ASSIGNED TASK - Once the images are removed, set down everything else in the listing below exactly.

INFORMATION PROVIDED -
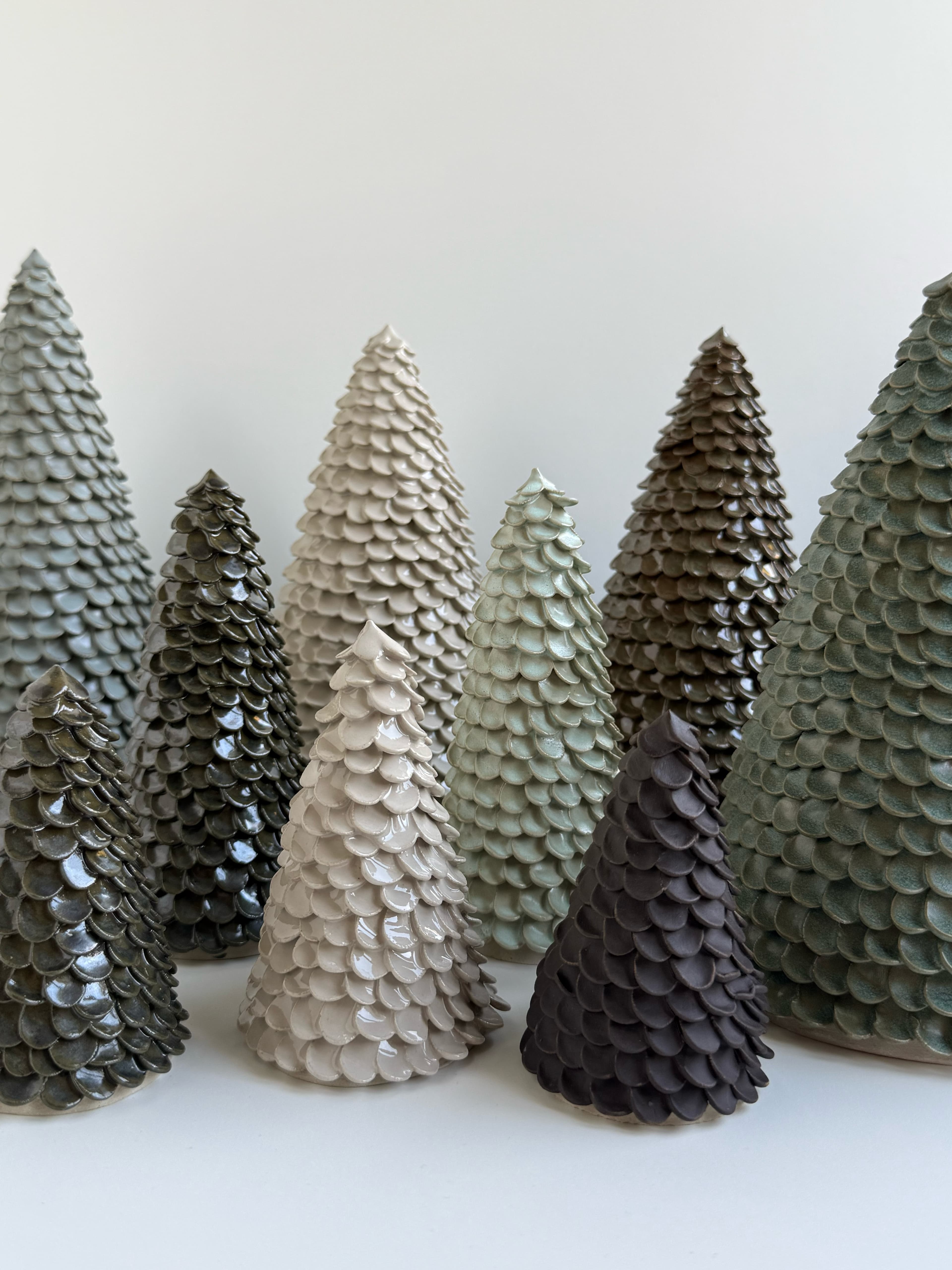 A close-up of handcrafted CLÆY ceramic trees in cream, pale green, grey and dark brown glazes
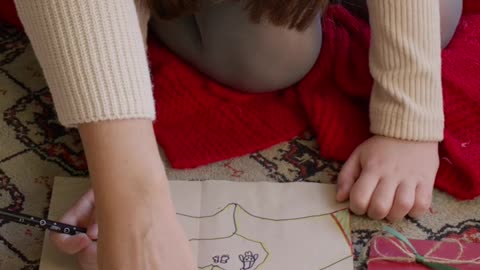 A little girl positioned comfortably on the floor receives help from an adult.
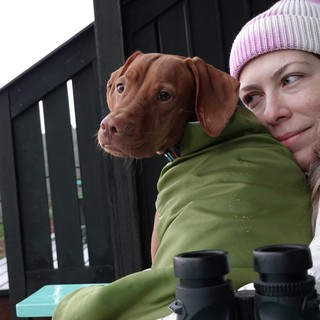 Woman and Dog Enjoying Outdoor Winter Moment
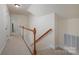 Carpeted hallway with wood railing leading to another room at 2804 Pulaski Dr, Monroe, NC 28110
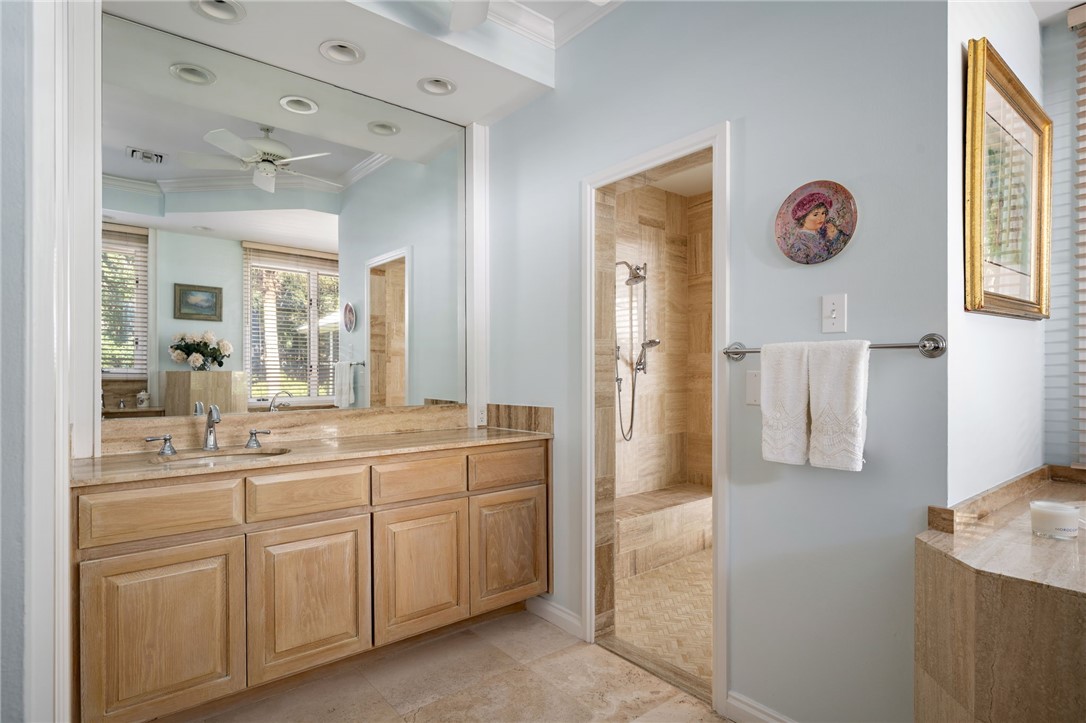315 Greytwig Road Vero Beach, FL 32963 - Photo 19 of 36 a spacious bathroom with a double vanity sink and a mirror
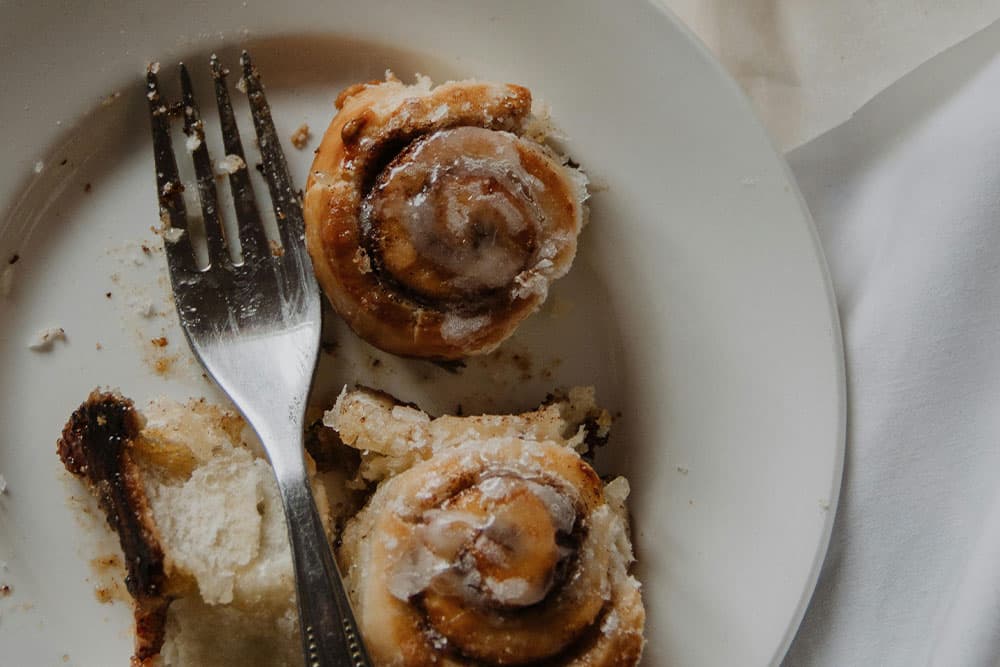 Two partially eaten cinnamon rolls on a plate with a fork.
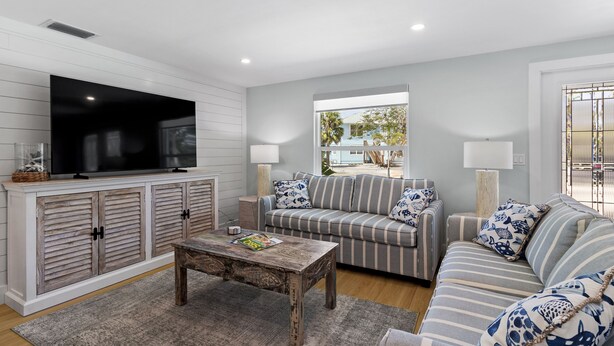 A living room with a large flat-screen TV, striped sofas, and a wooden coffee table.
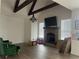 Bright living room with a brick fireplace and vaulted ceilings with dark wood beams at 312 Archway Ln, Peachtree City, GA 30269
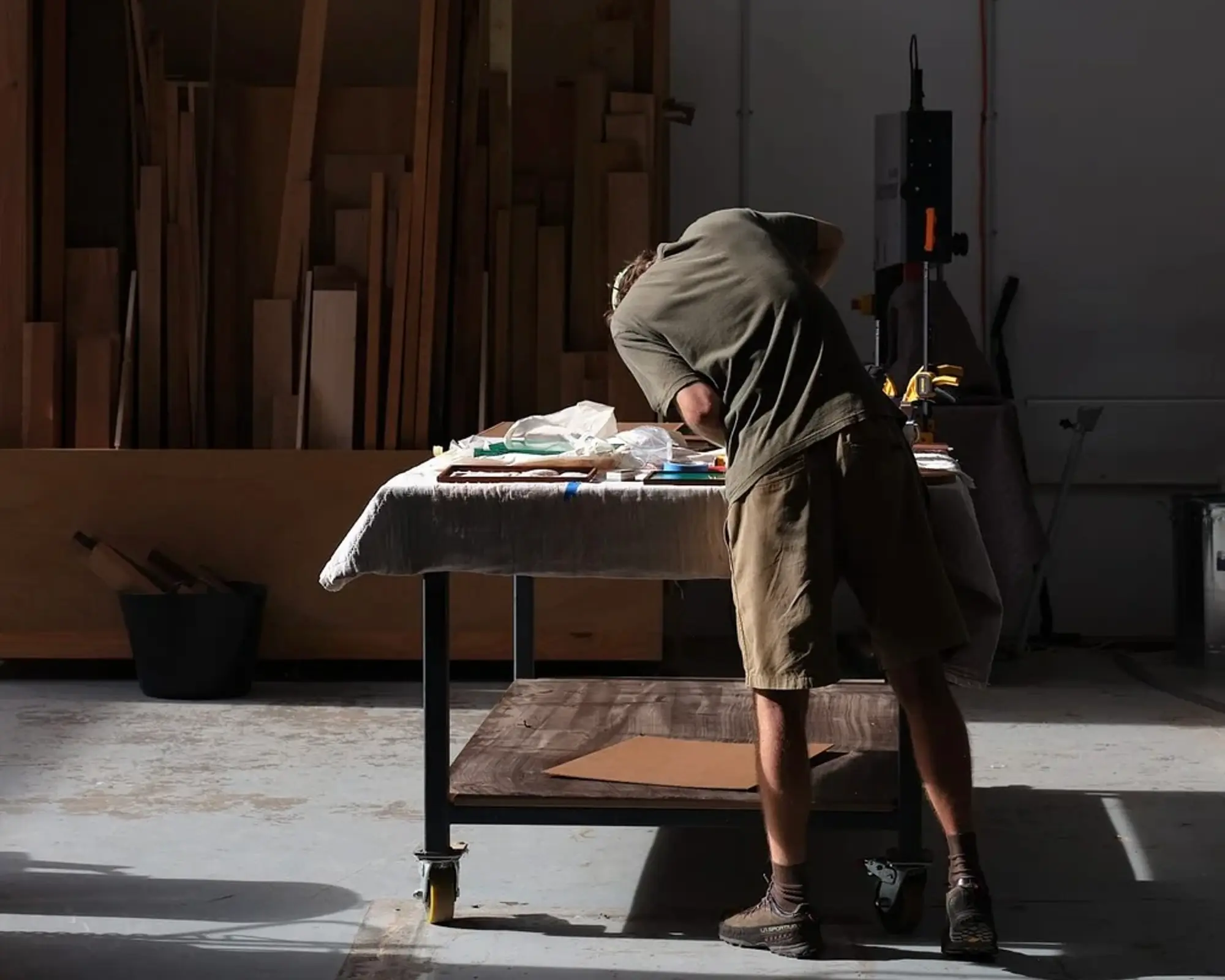 An image of Emile Drescher a woodworker from Auckland New Zealand, in his workshop with planks of wood stacked up on the walls, he is leaning over a workshop table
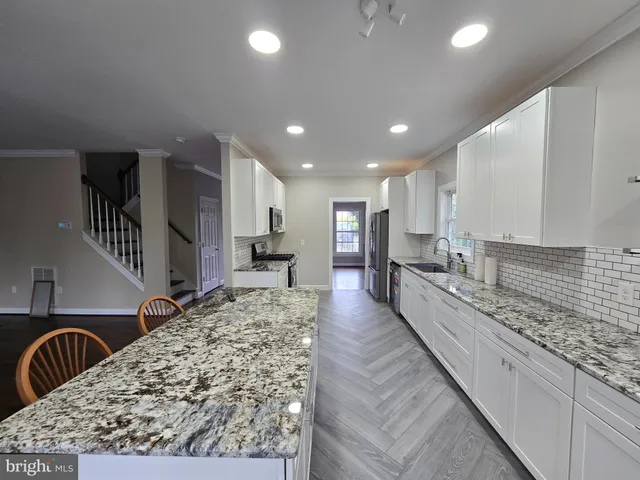 a living room with stainless steel appliances kitchen island granite countertop a sink and cabinets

YOUR SOLUTION -
 A close-up of handcrafted CLÆY ceramic trees in cream, pale green, grey and dark brown glazes
 A little girl positioned comfortably on the floor receives help from an adult.
 Woman and Dog Enjoying Outdoor Winter Moment
 Carpeted hallway with wood railing leading to another room at 2804 Pulaski Dr, Monroe, NC 28110
315 Greytwig Road Vero Beach, FL 32963 - Photo 19 of 36 a spacious bathroom with a double vanity sink and a mirror
 Two partially eaten cinnamon rolls on a plate with a fork.
 A living room with a large flat-screen TV, striped sofas, and a wooden coffee table.
 Bright living room with a brick fireplace and vaulted ceilings with dark wood beams at 312 Archway Ln, Peachtree City, GA 30269
 An image of Emile Drescher a woodworker from Auckland New Zealand, in his workshop with planks of wood stacked up on the walls, he is leaning over a workshop table
 a living room with stainless steel appliances kitchen island granite countertop a sink and cabinets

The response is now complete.